Non-Gaussian-based speech enhancement methods have received a great deal of attention by using either the MAP or MMSE criterion due to the significant noise reduction improvement [2, 4, 8, 11, 14, 25, 29,30,31, 43, 45]. In addition to the mentioned criteria, other cost functions such as \(\beta \)-order, weighted Euclidean, and the weighted Cosh MMSE of spectral amplitude have been studied, too [43, 45]. Also, the joint Bayesian estimations of both the clean speech amplitude and phase were proposed in [14], utilizing the super-Gaussian assumption of speech DFT coefficients.

All previously mentioned algorithms have been introduced in the framework of single-microphone speech enhancement. However, multimicrophone-based algorithms, which enable us to benefit from spatial in addition to spectral information, lead to higher degrees of freedom in order to reduce noise.

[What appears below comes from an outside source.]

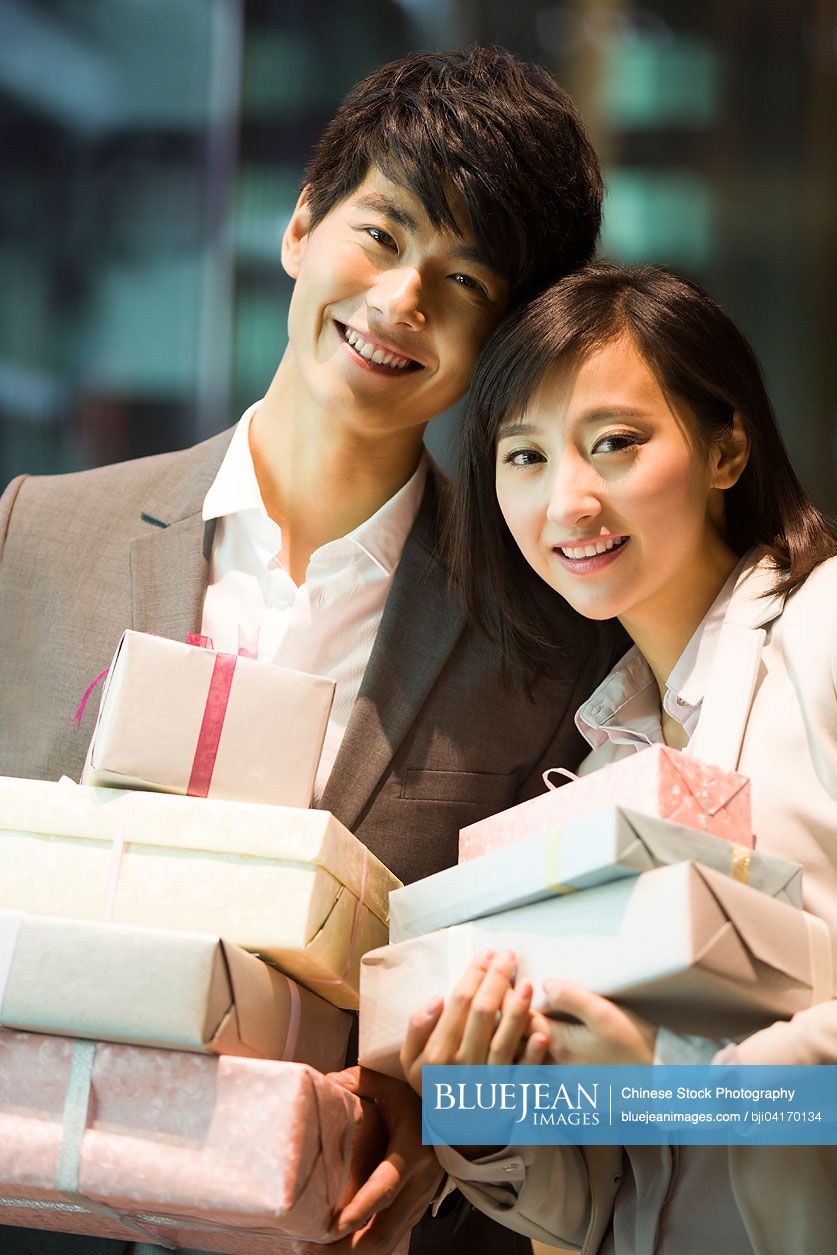 Happy young Chinese couple with gifts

A Gaussian-based Bayesian estimation of clean speech signal has been introduced in the multimicrophone framework by Balan and Rosca [5]. Using the well-known Fisher–Neyman factorization, they demonstrated that the multimicrophone MMSE Bayesian estimation can be decomposed to a minimum variance distortion-less response (MVDR) filter followed by a single-microphone Ephraim and Malah-MMSE estimator [10]. Based on the decomposition, they developed MMSE estimators for short-time spectral amplitude (STSA), log spectral amplitude (LSA), and speech phase in the multimicrophone framework. An extension of this work was presented in [19], where the magnitude of DFT coefficients is modeled by a generalized Gamma distribution. It has been shown that assuming Gaussian distribution for noise DFT coefficients, and generalized Gamma distribution for the clean speech magnitude, a multimicrophone MMSE estimator can again be decomposed into two subsequent estimators (MVDR plus single-microphone MMSE). They also investigated the robustness of the proposed multichannel MMSE estimator under the erroneous estimation of steering vectors in [18]. Furthermore, a direction-independent multimicrophone amplitude estimator based on MAP was proposed in [24].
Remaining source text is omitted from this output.